> [Brief] Beginning at the top of the data below, restate every line word for word until the line containing "Lyse baderomsplater på" has been included, and omit the pictures.

[Crawled caption data]
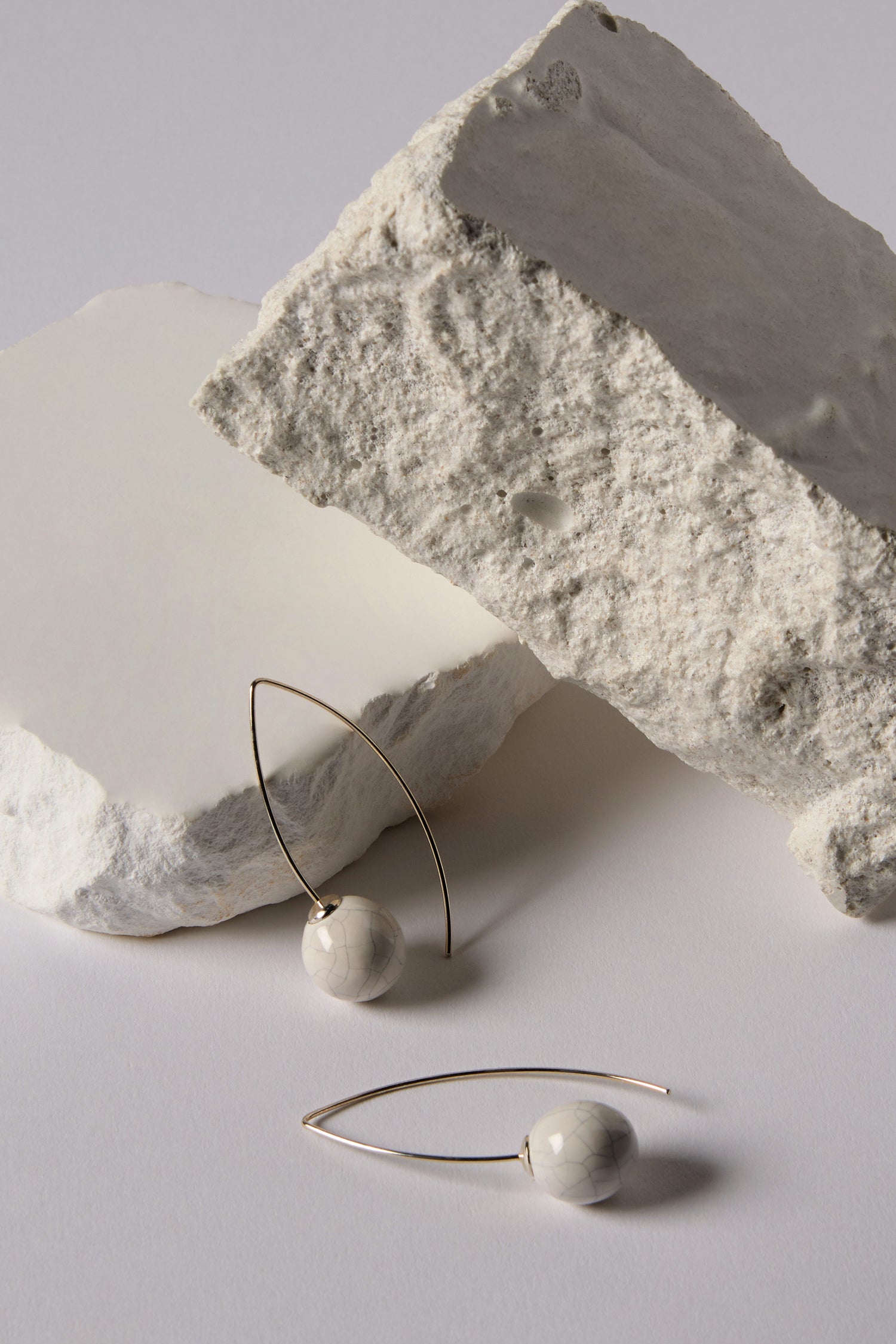 Handmade Ceramic Bead Earrings with white marbled spheres and thin metal hoops are showcased on a white surface next to rough white stone blocks, emphasizing their organic finish.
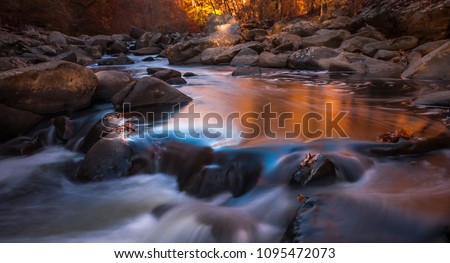 Rock Creek Pool - This long exposure image of the pool inside Rock Creek Park captures the autumn colors of orange and yellow.  It is located between Silver Spring MD and Washington DC Royalty-Free Stock Photo #1095472073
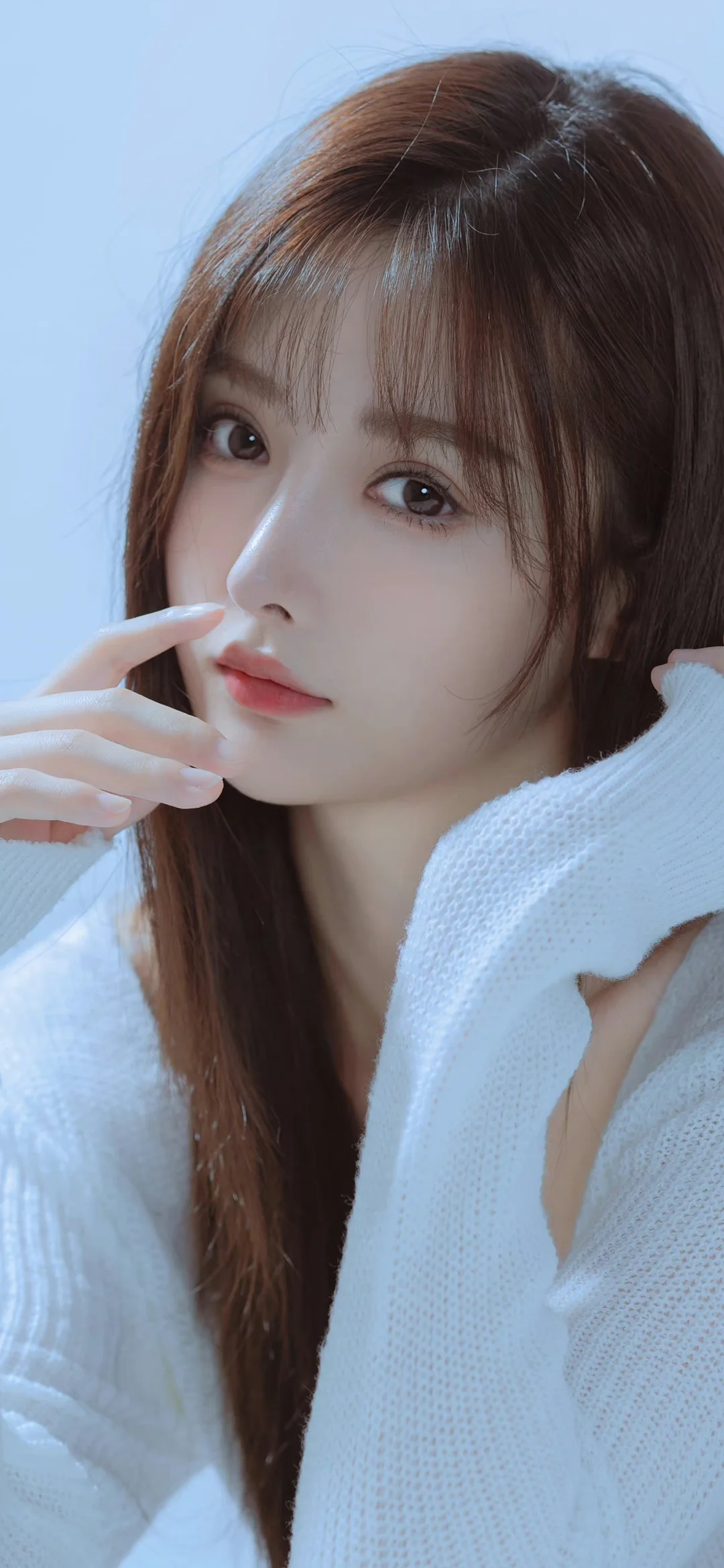 一名棕色长发女子穿着白色针织衫，在浅蓝色背景前进行近距离肖像拍摄。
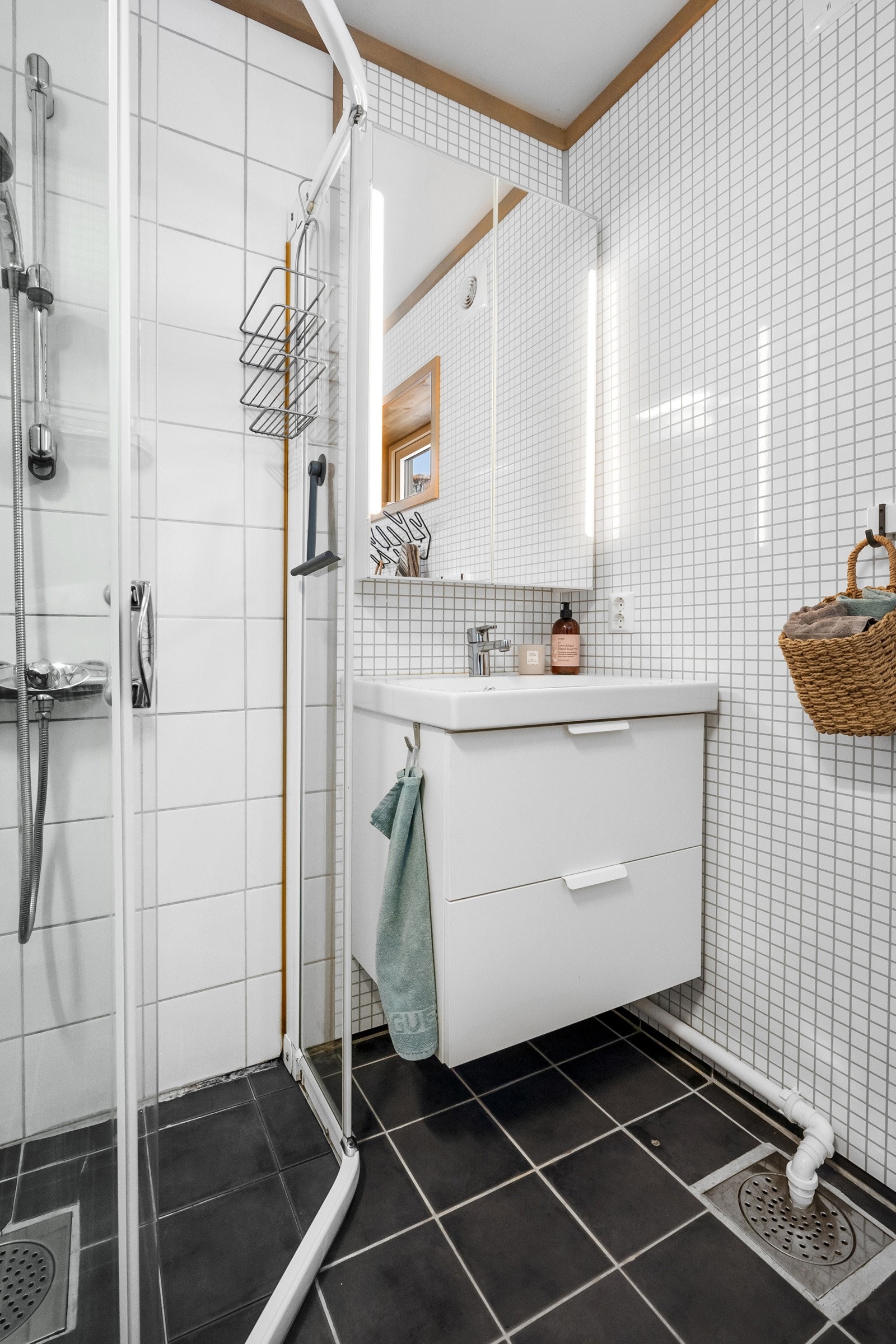 Lyse baderomsplater på vegger og godt med oppbevaringsplass i skap og baderomsmøblement. Galleribilde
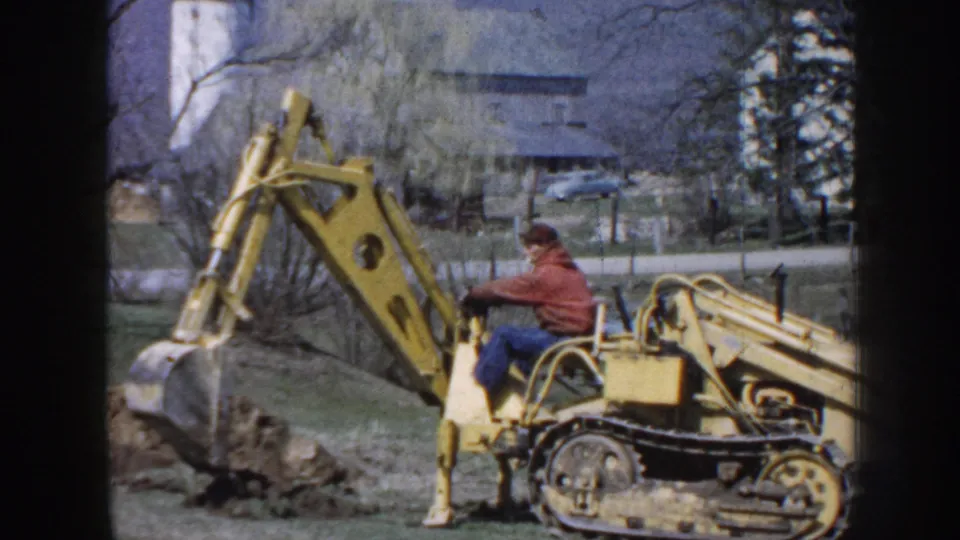 1958 Nebraska home-movie frame showing the excavator bucket near the ground as the operator digs on a rural property.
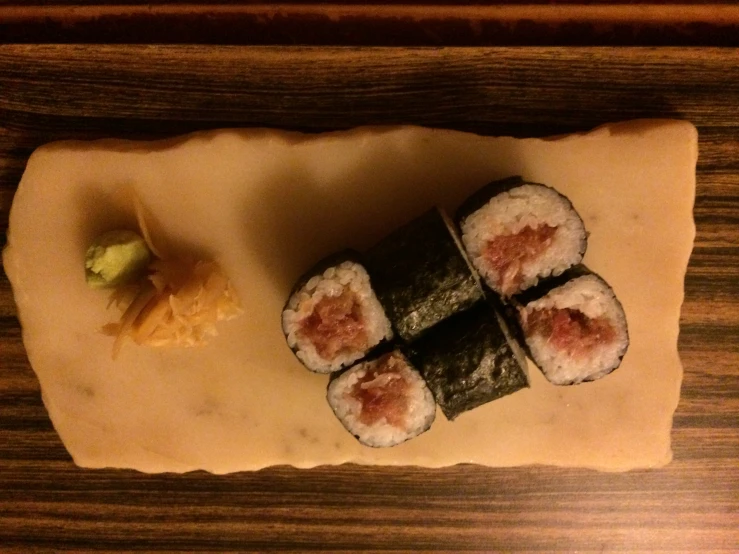 sushi on a wooden table with vegetables and sauces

> [Written response]
 Handmade Ceramic Bead Earrings with white marbled spheres and thin metal hoops are showcased on a white surface next to rough white stone blocks, emphasizing their organic finish.
 Rock Creek Pool - This long exposure image of the pool inside Rock Creek Park captures the autumn colors of orange and yellow.  It is located between Silver Spring MD and Washington DC Royalty-Free Stock Photo #1095472073
 一名棕色长发女子穿着白色针织衫，在浅蓝色背景前进行近距离肖像拍摄。
 Lyse baderomsplater på vegger og godt med oppbevaringsplass i skap og baderomsmøblement. Galleribilde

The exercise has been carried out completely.